--- WORK ITEM ---
Nothing but the lines from the one containing "886 S Shore" through the one containing "El papa Francisco", both included, should be given again, each exactly as written below.

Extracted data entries
● ● ●

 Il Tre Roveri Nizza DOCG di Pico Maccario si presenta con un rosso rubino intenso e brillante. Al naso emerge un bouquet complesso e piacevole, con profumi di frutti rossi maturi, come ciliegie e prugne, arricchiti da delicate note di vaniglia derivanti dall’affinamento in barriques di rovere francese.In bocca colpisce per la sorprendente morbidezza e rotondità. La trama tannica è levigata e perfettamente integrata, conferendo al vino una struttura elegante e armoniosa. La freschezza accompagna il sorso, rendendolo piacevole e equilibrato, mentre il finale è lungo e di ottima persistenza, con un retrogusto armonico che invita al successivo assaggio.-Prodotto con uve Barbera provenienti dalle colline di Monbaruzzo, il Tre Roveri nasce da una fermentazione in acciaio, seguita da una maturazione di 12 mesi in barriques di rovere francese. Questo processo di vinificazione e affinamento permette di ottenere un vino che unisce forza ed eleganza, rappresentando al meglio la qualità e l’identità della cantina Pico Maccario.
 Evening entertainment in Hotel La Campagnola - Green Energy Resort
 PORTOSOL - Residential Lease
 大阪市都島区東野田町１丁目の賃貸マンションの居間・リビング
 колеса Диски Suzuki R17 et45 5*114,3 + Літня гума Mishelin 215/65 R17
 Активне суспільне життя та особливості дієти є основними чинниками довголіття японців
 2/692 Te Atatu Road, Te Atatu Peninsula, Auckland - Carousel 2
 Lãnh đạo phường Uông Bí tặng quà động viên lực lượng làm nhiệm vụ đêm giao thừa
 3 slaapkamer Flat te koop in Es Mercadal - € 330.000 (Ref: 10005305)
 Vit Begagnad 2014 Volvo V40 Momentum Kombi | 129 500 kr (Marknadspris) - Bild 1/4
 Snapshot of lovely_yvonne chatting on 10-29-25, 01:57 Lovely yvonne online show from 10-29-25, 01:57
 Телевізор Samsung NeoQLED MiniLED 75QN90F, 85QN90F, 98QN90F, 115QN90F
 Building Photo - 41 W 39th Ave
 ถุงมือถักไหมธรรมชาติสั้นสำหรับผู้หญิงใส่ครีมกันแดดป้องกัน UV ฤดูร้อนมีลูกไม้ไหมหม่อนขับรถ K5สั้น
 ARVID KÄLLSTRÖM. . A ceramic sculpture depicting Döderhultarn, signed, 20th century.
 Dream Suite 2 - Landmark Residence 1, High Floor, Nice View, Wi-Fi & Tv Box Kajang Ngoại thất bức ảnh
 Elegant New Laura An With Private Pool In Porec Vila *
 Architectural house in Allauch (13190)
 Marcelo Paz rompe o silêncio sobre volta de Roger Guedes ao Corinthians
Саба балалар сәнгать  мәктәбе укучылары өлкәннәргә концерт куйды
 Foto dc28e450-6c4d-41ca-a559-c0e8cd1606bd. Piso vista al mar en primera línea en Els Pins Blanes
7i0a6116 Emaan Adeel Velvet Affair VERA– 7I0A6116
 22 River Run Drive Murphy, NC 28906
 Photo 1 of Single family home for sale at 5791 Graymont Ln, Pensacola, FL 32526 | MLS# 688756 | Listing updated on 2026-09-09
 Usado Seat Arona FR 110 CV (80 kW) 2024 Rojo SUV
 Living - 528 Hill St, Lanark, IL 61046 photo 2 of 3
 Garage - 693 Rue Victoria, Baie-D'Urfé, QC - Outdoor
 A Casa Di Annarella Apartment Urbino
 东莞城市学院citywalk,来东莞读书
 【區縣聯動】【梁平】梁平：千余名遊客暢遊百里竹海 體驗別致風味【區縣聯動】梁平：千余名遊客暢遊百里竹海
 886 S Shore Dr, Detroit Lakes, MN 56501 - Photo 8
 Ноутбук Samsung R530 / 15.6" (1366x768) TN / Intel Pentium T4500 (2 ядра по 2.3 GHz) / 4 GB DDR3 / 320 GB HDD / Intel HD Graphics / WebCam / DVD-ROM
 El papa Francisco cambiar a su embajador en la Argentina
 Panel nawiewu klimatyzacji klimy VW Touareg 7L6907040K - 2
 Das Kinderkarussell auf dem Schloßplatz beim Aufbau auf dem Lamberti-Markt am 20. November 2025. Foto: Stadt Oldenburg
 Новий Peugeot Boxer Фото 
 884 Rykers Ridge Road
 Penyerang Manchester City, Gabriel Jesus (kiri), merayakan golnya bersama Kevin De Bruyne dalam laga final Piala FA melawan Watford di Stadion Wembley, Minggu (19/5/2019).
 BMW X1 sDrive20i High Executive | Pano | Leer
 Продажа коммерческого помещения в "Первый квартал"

● ● ●

--- RESULT FOR THIS EXERCISE ---
 886 S Shore Dr, Detroit Lakes, MN 56501 - Photo 8
 Ноутбук Samsung R530 / 15.6" (1366x768) TN / Intel Pentium T4500 (2 ядра по 2.3 GHz) / 4 GB DDR3 / 320 GB HDD / Intel HD Graphics / WebCam / DVD-ROM
 El papa Francisco cambiar a su embajador en la Argentina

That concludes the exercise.